Ajaran Sebagai Isteri yang Baik
Pertama, agar dihargai dan dicintai oleh suami seorang isteri hendaknya memiliki sifat-sifat: nurut, apa yang dikehendaki oleh suami dilakukan penuh kesabaran dan dapat menyelesaikan dengan baik. Condhong, apa yang menjadi kehendak suami didukung, merawat apa kesukaannya dan tidak membicarakan kejelekannya. Rumeksa, menjaga segala milik suami dan tahu jumlah serta rinciannya. Nastiti, segala barang tahu asal dan kegunaannya, nafkah dari suami dirawat dengan baik dan hemat penggunaannya. Nyimpen wadi, pandai menyimpan rahasia suami dan keluarga.

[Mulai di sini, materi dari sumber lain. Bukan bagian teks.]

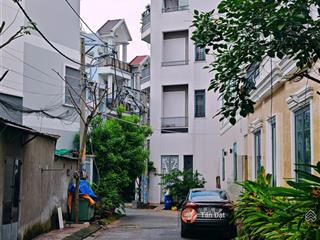 Đất 104m2 có gpxd 1 trệt 3 lầu, tặng trọ cho thuê, hẻm xe hơi lê văn chí thích hợp xây chdv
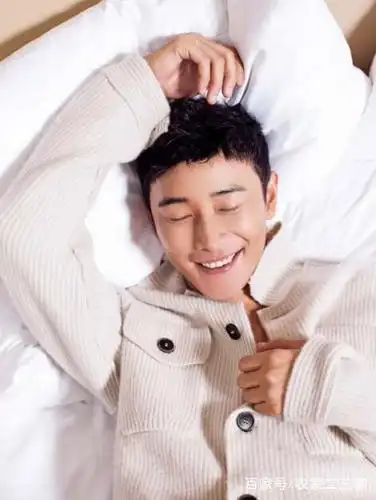 罗晋笑起来的样子太迷人了,有着他自己独特的空灵与俊秀,这样的罗晋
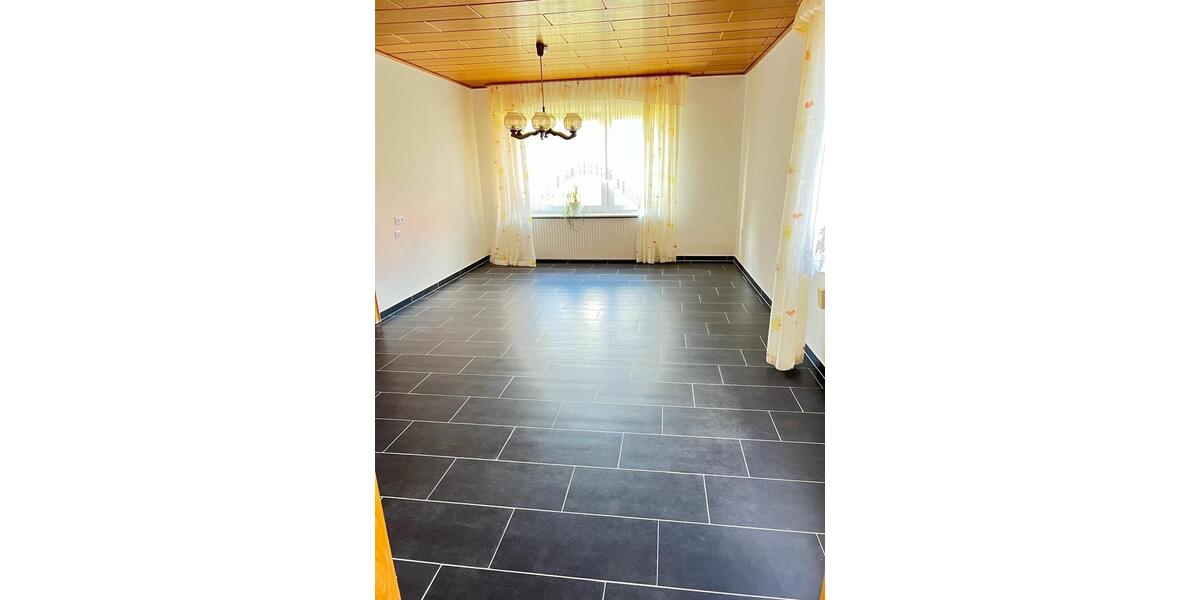Einfamilienhaus Aurich - 5 Zimmer, 155 m&sup2;, 1.500&euro; | Angebot:26122504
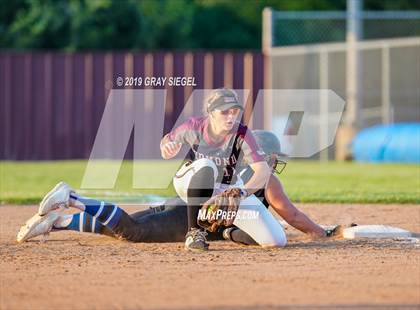 Thumbnail 1 in Deer Creek @ Edmond Memorial photogallery.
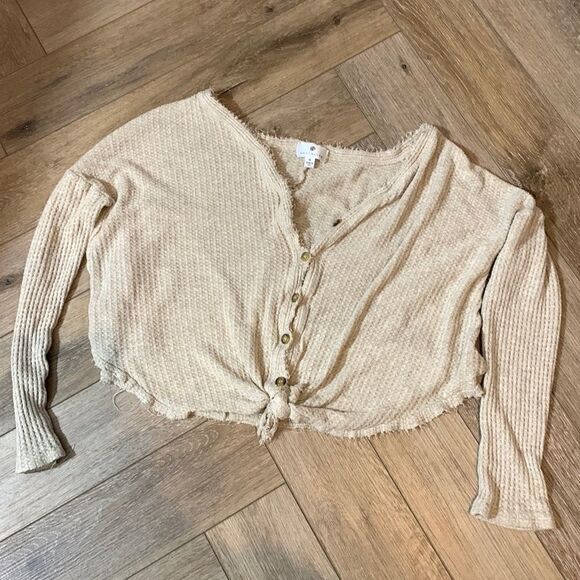 Socialite Frayed Waffle Knit Crop Top - Picture 1 of 3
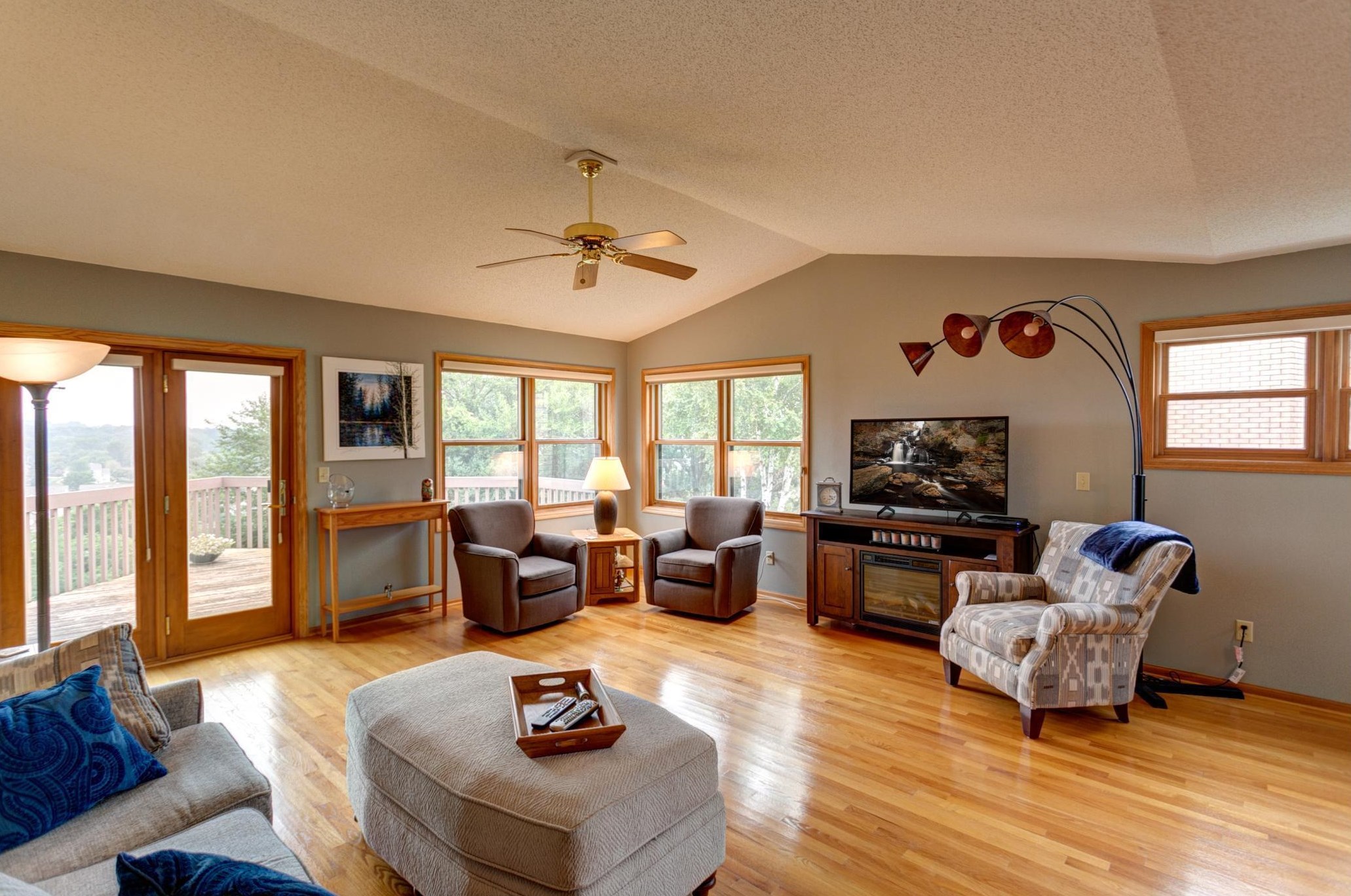 73 Conner Cir, Rochester MN 55902-0800 exterior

Kedua, seorang isteri sebagai ibu rumah tangga agar berhasil hendaknya memiliki sikap dan pengetahuan tugas seorang isteri antara lain: Bersikap hati-hati dalam segala hal. Mengenal sifat-sifat keluarga dan famili sehingga dapat menyesuaikan diri. Mengerti akan acara suami sehari-hari dan dapat membantu yang diperlukan.
Jika memberi saran atau mengemukakan pendapat harus mencari waktu yang tepat. Mengerti waktu yang tepat. Mengerti tugas-tugas isteri dengan jelas dan jika belum mengerti mintalah penjelasan kepada suami. Jangan mempergunakan atau memanfaatkan barang-barang milik suami tanpa izinnya. Pandai merawat barang-barang milik suami. Meskipun suami memberi keleluasaan, tetapi tetap melakukan segala hal sesuai dengan ketentuan yang berlaku. Pengeluaran biaya hidup hendaknya disesuaikan dengan besar penghasilan yang diperoleh. Jika terjadi perceraian, harta bawaan isteri tetap menjadi milik isteri, harta gono-gini (yang diperoleh selama berkeluarga) sepertinya milik isteri dan biaya hidup anak-anak menjadi tanggung jawab suami.